Front. Nutr., 08 February 2024
Sec. Nutrition, Psychology and Brain Health
This article is part of the Research Topic Ketogenic Metabolic Therapy as a Treatment for Mental Health Disorders View all 13 articles

From theory to practice: challenges and rewards of implementing ketogenic metabolic therapy in mental health

  • Mental Health Keto, Vancouver, WA, United States

This perspective article delves into the implementation of Ketogenic Metabolic Therapy (KMT) by a mental health counselor who attempts to bridge the gap between emerging research and real-world clinical application. Grounded in the author’s clinical experiences, the article communicates the potential of KMT in mental health care, highlighting both its therapeutic promise and the insights gained from hands-on patient interactions. While the adoption of KMT necessitates adjustments in societal, emotional, and dietary domains, especially within diverse mental health contexts, these challenges are surmountable with appropriate guidance and support. The article encourages the capture of qualitative data alongside quantitative measures and advocates for an approach that considers the broader implications of improved mental well-being on families and communities. As the field advances, interdisciplinary collaborations between researchers and clinicians will be pivotal in refining and expanding the application of KMT, ultimately enhancing patient outcomes and elevating the standard of mental health care.

Introduction

While much of the existing literature on Ketogenic Metabolic Therapy (KMT) for mental health is grounded in emerging research (14), the perspective of a clinician, especially one with a background in clinical psychology, offers a distinctive viewpoint. Clinicians bridge the gap between theoretical research and its real-world application, providing valuable insights from their direct interactions with patients.

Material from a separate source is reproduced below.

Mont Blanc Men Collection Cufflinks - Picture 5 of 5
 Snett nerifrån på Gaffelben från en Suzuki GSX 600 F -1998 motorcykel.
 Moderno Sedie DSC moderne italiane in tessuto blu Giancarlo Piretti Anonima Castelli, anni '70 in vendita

The true measure of a therapeutic approach is not just its empirical evidence but how it is applied and received in everyday clinical practice. This is especially true for mental health, where individual variability is vast. Hence, a practical understanding of KMT’s application, its challenges, and its real-world benefits is essential.

This leads us to the central question: “While the benefits of Ketogenic Metabolic Therapy (KMT) for mental health align well with research findings in a clinical setting, what are the practical barriers faced by patients and clinicians when attempting to implement KMT outside of research studies?”

In this perspective article, I aim to address this question primarily based on my clinical experiences. My goal is to highlight the opportunities and challenges of utilizing KMT for mental health, with a specific focus on a mental health clinician’s perspective.

The therapeutic potential

In my clinical practice, I have been privileged to witness numerous success stories and remarkable transformations associated with Ketogenic Metabolic Therapy (KMT). These stories offer a glimpse into the immense therapeutic potential of KMT in the realm of mental health care.

One of these remarkable stories recently involved a 17-year-old who had been diagnosed with Schizoaffective disorder, suffered from both auditory and visual hallucinations, and was hospitalized for suicidal ideation. When I asked her what she wanted me to tell others about this diet, less than 8 weeks into her KMT treatment with me, she stated, “Just that this diet has been a miracle and a life changer for me.” Her firsthand account emphasizes the profound impact that KMT can have on individuals grappling with complex mental health conditions. It serves as a powerful testament to the hope and promise that KMT offers, particularly in the context of challenging disorders like Schizoaffective disorder.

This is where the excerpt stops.